Implementing Security Event Detection

Implementing Security Event Detection

Effective security detection in Kubernetes requires understanding normal behavior patterns to identify anomalies. Baseline establishment should consider workload types, communication patterns, and resource usage. Production workloads exhibit different patterns than development environments. Time-based patterns like business hours activity require temporal baseline adjustments.

Threat detection rules must balance sensitivity with false positive rates. Overly sensitive rules generate alert fatigue, causing teams to ignore legitimate threats. Under-sensitive rules miss actual attacks. Rule tuning requires iterative refinement based on environmental observations. Starting with vendor-provided rules then customizing for specific environments provides good coverage.

# Falco rules for Kubernetes security monitoring
- rule: K8s Unauthorized API Access
  desc: Detect unauthorized access to Kubernetes API
  condition: >
    ka.verb in (create, update, patch, delete) and
    ka.user.name in (system:anonymous, system:unauthenticated) and
    not ka.sourceips["/127.0.0.1"]
  output: >
    Unauthorized Kubernetes API access (user=%ka.user.name verb=%ka.verb 
    resource=%ka.target.resource sourceIP=%ka.sourceips)
  priority: WARNING
  source: k8s_audit
  tags: [k8s, api, unauthorized]

- rule: Suspicious kubectl Exec
  desc: Detect kubectl exec operations in production
  condition: >
    ka.verb=create and
    ka.target.resource=pods and
    ka.target.subresource=exec and
    ka.target.namespace in (production, prod, prd)
  output: >
    kubectl exec in production namespace (user=%ka.user.name pod=%ka.target.name 
    namespace=%ka.target.namespace command=%ka.requestObject.command)
  priority: WARNING
  source: k8s_audit
  tags: [k8s, exec, production]

- rule: Container Privilege Escalation
  desc: Detect privilege escalation in running containers
  condition: >
    container.id != host and
    proc.name in (sudo, su) and
    proc.pname != sudo and
    not container.image.repository in (allowed_sudo_images)
  output: >
    Privilege escalation detected (user=%user.name command=%proc.cmdline 
    container=%container.name image=%container.image.repository)
  priority: CRITICAL
  tags: [container, privilege_escalation]

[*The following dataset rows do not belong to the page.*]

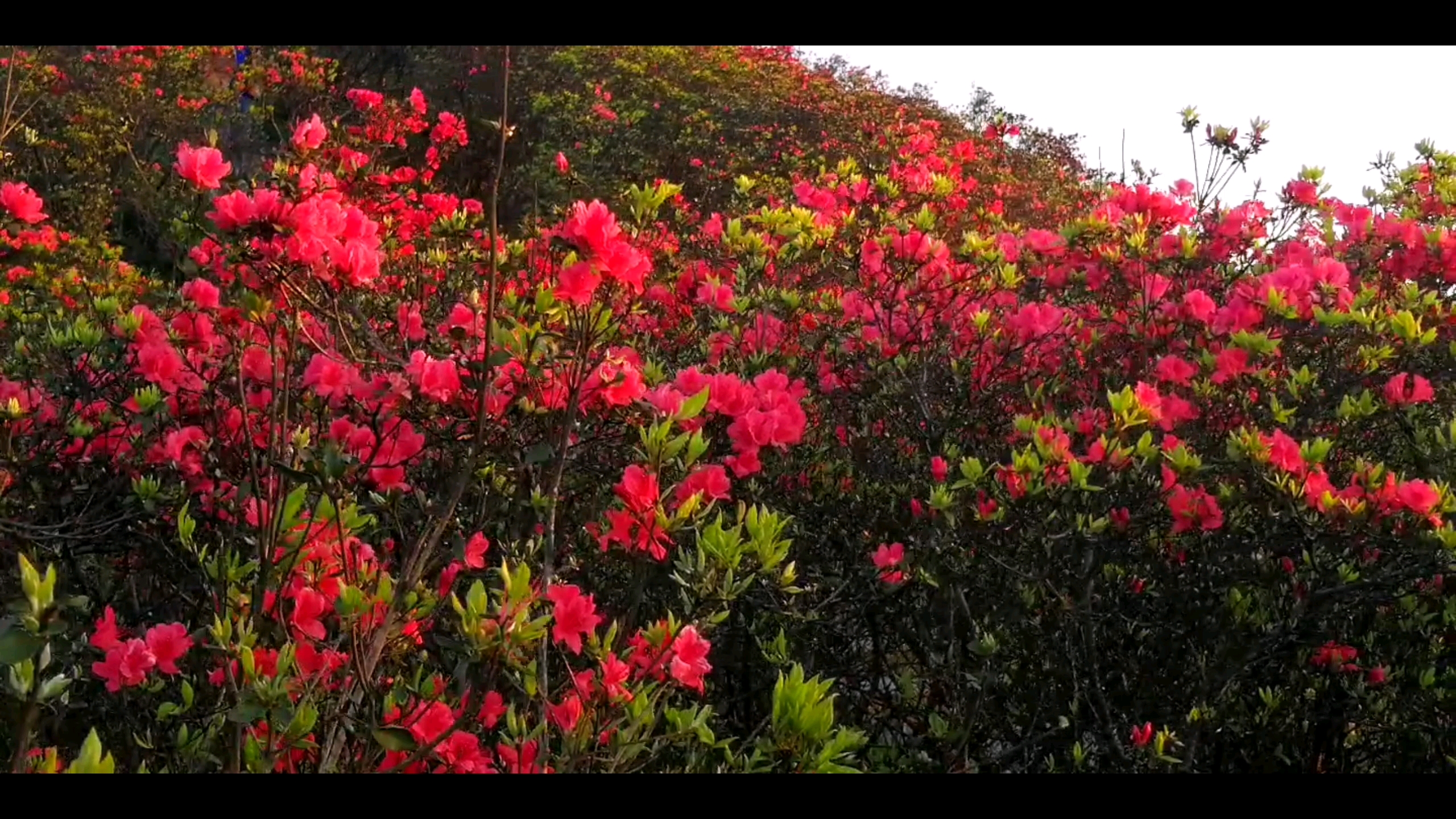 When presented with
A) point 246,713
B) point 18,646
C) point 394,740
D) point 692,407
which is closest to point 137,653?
point 246,713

- rule: Cryptocurrency Mining Detection
  desc: Detect cryptocurrency mining activities
  condition: >
    container.id != host and
    (proc.name in (minerd, xmrig, minergate) or
     (proc.cmdline contains "stratum+tcp" or 
      proc.cmdline contains "stratum2+tcp"))
  output: >
    Cryptocurrency mining detected (command=%proc.cmdline 
    container=%container.name cpu=%thread.cpu)
  priority: CRITICAL
  tags: [cryptomining, malware]

- rule: Suspicious Network Tool Usage
  desc: Detect usage of network reconnaissance tools
  condition: >
    container.id != host and
    proc.name in (nmap, masscan, zmap, nc, netcat, ncat, telnet) and
    not container.image.repository in (allowed_network_tools)
  output: >
    Network tool usage detected (tool=%proc.name args=%proc.args 
    container=%container.name)
  priority: WARNING
  tags: [network, reconnaissance]

Machine learning enhances detection capabilities by identifying novel attack patterns. Unsupervised learning algorithms can detect statistical anomalies in API access patterns, network flows, or resource usage. However, ML models require substantial training data and may generate false positives during legitimate but unusual operations like deployments or incident response.